The National Programme for Health Care of the Elderly was launched by the Ministry of Health and Family Welfare in 2010 to provide accessible and affordable healthcare for elders. According to the most recent census data, there are over 104 million senior citizens in India, more than half of whom are women. Approximately 71% of them reside in areas with limited access to healthcare. It goes without saying that the incidence of hospitalisation is much higher in the elderly compared to the total population. About 27% of people above the age of 80 were found to be home-bound or immobile.

Despite the fact that the situation is grave, states have not managed to use more than 7% of the funds disbursed by the Centre for the healthcare of the elderly people. Only 5% of the funds released for the management of non-communicable diseases have been put to use. This is particularly pitiful considering the fact that the NPHCE is part of the non-communicable diseases flexipool, one of the major components of the National health Mission (NHM).
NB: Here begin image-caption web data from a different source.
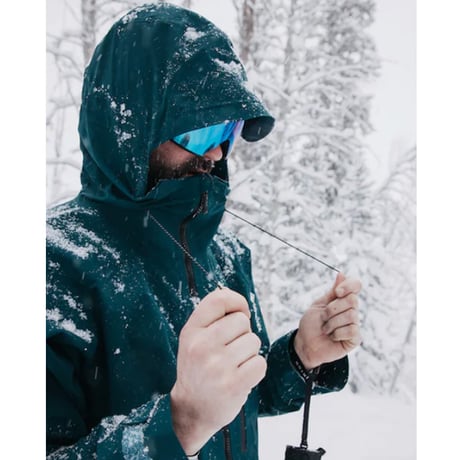 24-25 BURTON メンズ スノーボードウエア Men's Burton [ak] Cyclic GORE-TEX 2L Jacket（Deep Emerald）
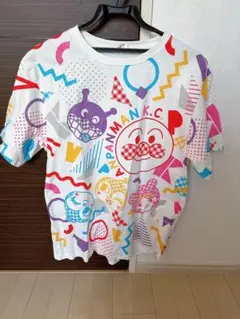 【１回着用】アンパンマン　キッズコレクション　Tシャツ　大人サイズのサムネイル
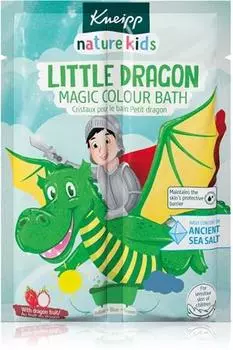 sels de bain colors pour enfant TU прозрачный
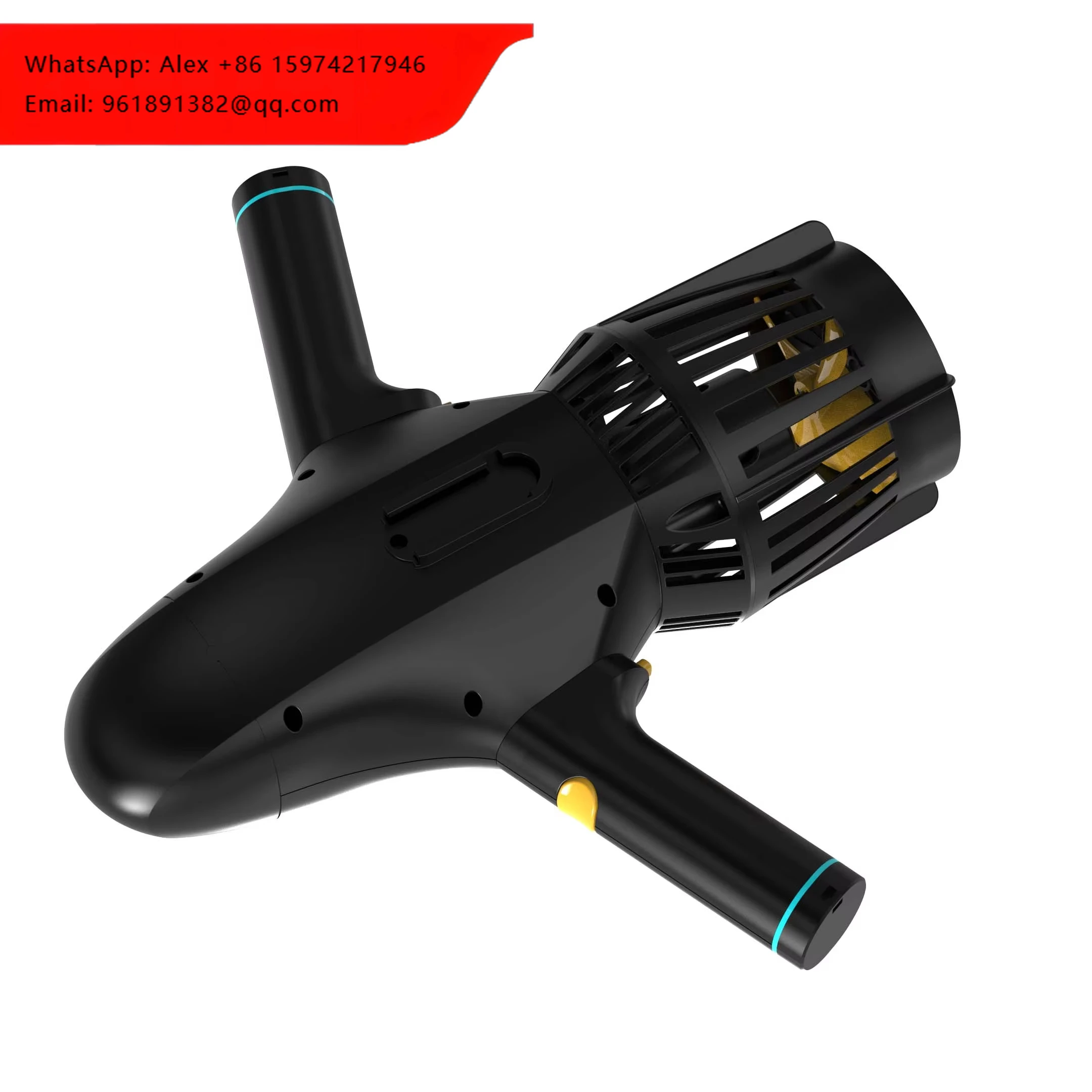 

Подводный скутер M1Pro с 3 скоростями и реверсом, водонепроницаемый бустер для дайвинга, сноркелинга, SUP-борда, морской скутер для водных видов спорта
Providing access to quality healthcare is the responsibility of the state, and it needs to put central funds to good use and ensure that healthcare schemes for the elderly are implemented in all districts. At present, the implementation is lackadaisical and is marred by cost unwieldy cost overruns. State governments are overwhelmed as it is with their existing healthcare programmes and it is not unreasonable for them to expect a certain amount of flexibility in operations. However, the failure to produce tangible results points towards a lack of planning and organization. Unless the there is a strict oversight mechanism, course correction is difficult.

Where do we stand?

At present, the facilities that are dedicated for geriatric care are sub-standard in quality. In rural and remote areas, where a substantial percentage of the elderly reside, you would be hard pressed to even find a fully functional facility. State governments are not very keen on spending money on programmes like the NPHCE as they use the funds for more immediate requirements like skill training, salary, and infrastructure, all of which crucial areas that are cash strapped.

Even though the NPHCE is under the NCD flexipool, there are two main reasons behind the underutilisation of funds. Firstly, we suffer a shortage of medical professionals who are trained in geriatric care. Secondly, state treasuries take a lot of time to release to the respective district administration. Both of these factors lead to an underutilisation of capital, preventing the programme from taking flight. Also, depending on the economic condition, many state governments cut back on expenditures to trim fiscal deficits.

Time to address skill gap

Since the core of the programme focuses on clinical care, it is not possible to ensure effective implementation unless we train the healthcare professionals. Only a handful of medical colleges in India have postgraduate programs to train undergraduate students in geriatric care, owing to the strict guidelines laid down by the Medical Council of India. Unless medical colleges get the technical and the bureaucratic support they need, it is unrealistic to expect the current state of affairs to improve. Thankfully, the government has woken up to this fact and is now supporting two National Centers for Ageing that are dedicated to train professionals, conduct research, and provide healthcare for the elderly. We also have regional geriatric centers (RGCs) that aim to provide tertiary care through outpatient departments for seniors in addition to providing postgraduate medical courses for students who want to specialize in geriatric medicine. If we open more RGCs and NCAs, particularly in rural and remote areas, it will help improve health outcomes for the elderly.

Multifaceted ­approach

We also need a shift in societal attitudes towards the elderly. Preventing and treating health problems in the elderly requires a multipronged approach that incorporates the active involvement of health, urban/rural development, social welfare and legal sectors. We need to expand upon our current geriatric care program to include non-medical determinants as well. Unless we have an unwavering political commitment coupled with social action, it is difficult to implement customised policies at the grassroots level. Seniors must be educated about potential risk factors so that they are empowered to take control of their health. Children must volunteer to look after their ageing parents and we need customised health insurance schemes for them. The government must establish more gerontology units to train medical professionals on the health needs of the elderly. To sum it up, a joint approach can help address the challenges. Failing to do so will develop into a costly proposition in the future.

The author is the Director & Creative Strategist at CHAI Kreative and Return of Million Smiles.